Assist Prof Dr. Meryem YANKOL SCHALCK |Decision-making and Problem-solving |Best Researcher Award| 355
IPAG Business Schoolm, France
Profile
Early Academic Pursuits 🎓
Meryem Yankol Schalck’s journey in academia began with a solid foundation in mathematics. She earned her Master’s degree in Mathematics from the University of Marmara in Istanbul, followed by a Master’s in Mathematical Engineering, specializing in Applied Statistics, from Paris-Sud University. These early academic pursuits provided her with the necessary analytical and statistical expertise to navigate the complex world of data science. Over time, she expanded her knowledge base by obtaining a Data Science Certificate from The Institute of Risk Management (IRM), further refining her skills in risk assessment and data-driven decision-making. Her academic ambition culminated in a Ph.D. in Econometrics and Machine Learning from the University of Orleans, where she focused on pioneering research in financial fraud detection and survival analysis in insurance industries under the supervision of S. Tokpavi.
Professional Endeavors 💼
With nearly 15 years of professional experience in the insurance sector, Meryem Yankol Schalck has honed her expertise in statistical modeling and advanced analytics. She has worked extensively in risk assessment, fraud detection, and predictive analytics, implementing cutting-edge machine learning models to enhance business efficiency. Her proficiency in leveraging data-driven insights has positioned her as a key player in insurance analytics, where she has contributed significantly to the industry’s ability to mitigate risks and optimize financial performance. As an Assistant Professor in Data Science, she continues to bridge the gap between industry and academia, ensuring that her students gain practical insights into real-world applications of data science.

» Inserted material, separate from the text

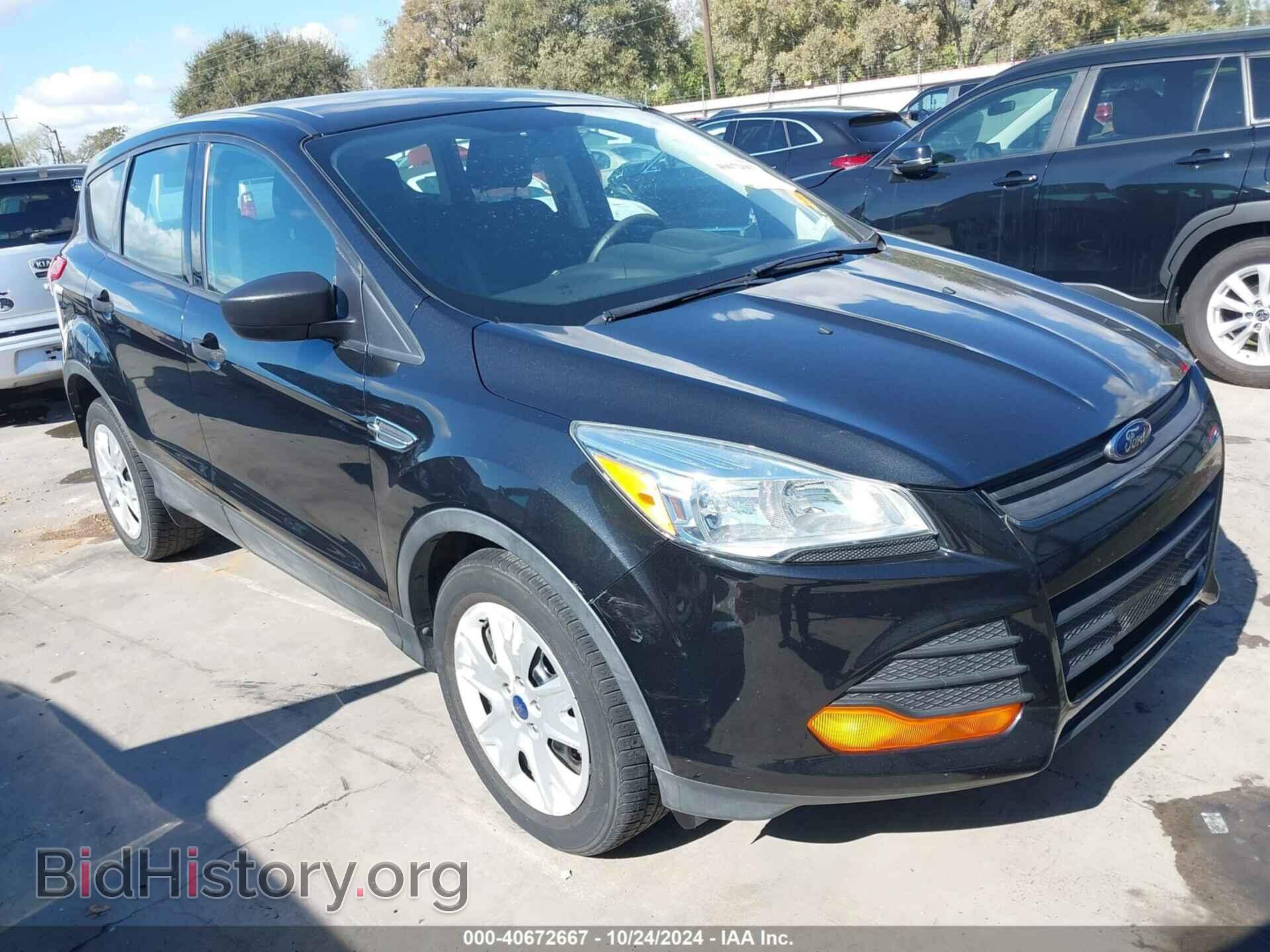 Фотография 1FMCU0F76EUD57927 - FORD ESCAPE 2014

Contributions and Research Focus 🔬
Meryem Yankol Schalck’s research is centered on artificial intelligence applications in business and finance. She has published extensively in academic journals, contributing valuable insights into machine learning methodologies for fraud detection and risk assessment. Her doctoral research introduced innovative approaches to financial fraud detection and survival analysis, providing industry professionals with novel techniques to enhance security and operational efficiency. She is also actively involved in European research projects, focusing on AI-driven financial solutions and digital transformation strategies.

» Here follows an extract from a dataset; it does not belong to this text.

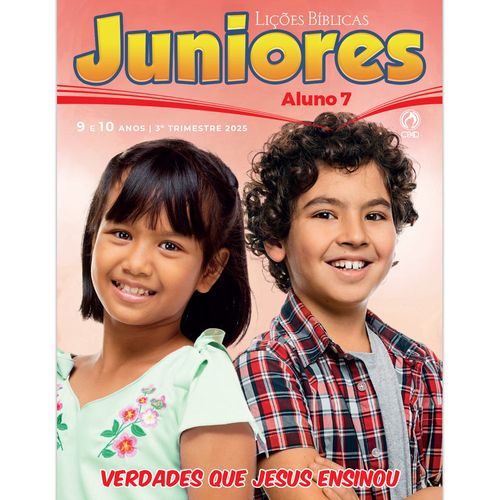 Lições Bíblicas Juniores Aluno 3º Tr. 2025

Accolades and Recognition 🏆
Meryem has earned recognition for her work in both academic and professional circles. Her research contributions have been acknowledged in leading conferences and publications, making her a respected voice in the field of AI and data science. Additionally, her commitment to academic excellence has made her a sought-after speaker at international seminars and workshops, where she shares her insights on AI-driven financial innovations.
Impact and Influence 🌐
Beyond her technical expertise, Meryem is known for her ability to impart knowledge effectively. She has demonstrated strong pedagogical skills, incorporating digital innovations into her teaching methodologies. Her ability to simplify complex machine learning concepts has benefited students across various academic programs, especially those learning in English. Through her mentorship and guidance, she has played a significant role in shaping the next generation of data scientists and analysts.

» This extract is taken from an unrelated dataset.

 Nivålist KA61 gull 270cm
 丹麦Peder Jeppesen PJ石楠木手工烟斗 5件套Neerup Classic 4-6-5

Legacy and Future Contributions 🌟
As Meryem Yankol Schalck continues to excel in her academic and professional journey, her legacy is one of innovation, excellence, and commitment to education. She remains dedicated to advancing research in AI applications for business and finance, ensuring that data science remains at the forefront of industry evolution. Moving forward, she aims to further her involvement in European research projects, contribute to global discussions on AI ethics, and continue inspiring future professionals in the field of data science. Through her work, she is not only shaping the present landscape of data science but also paving the way for its future advancements.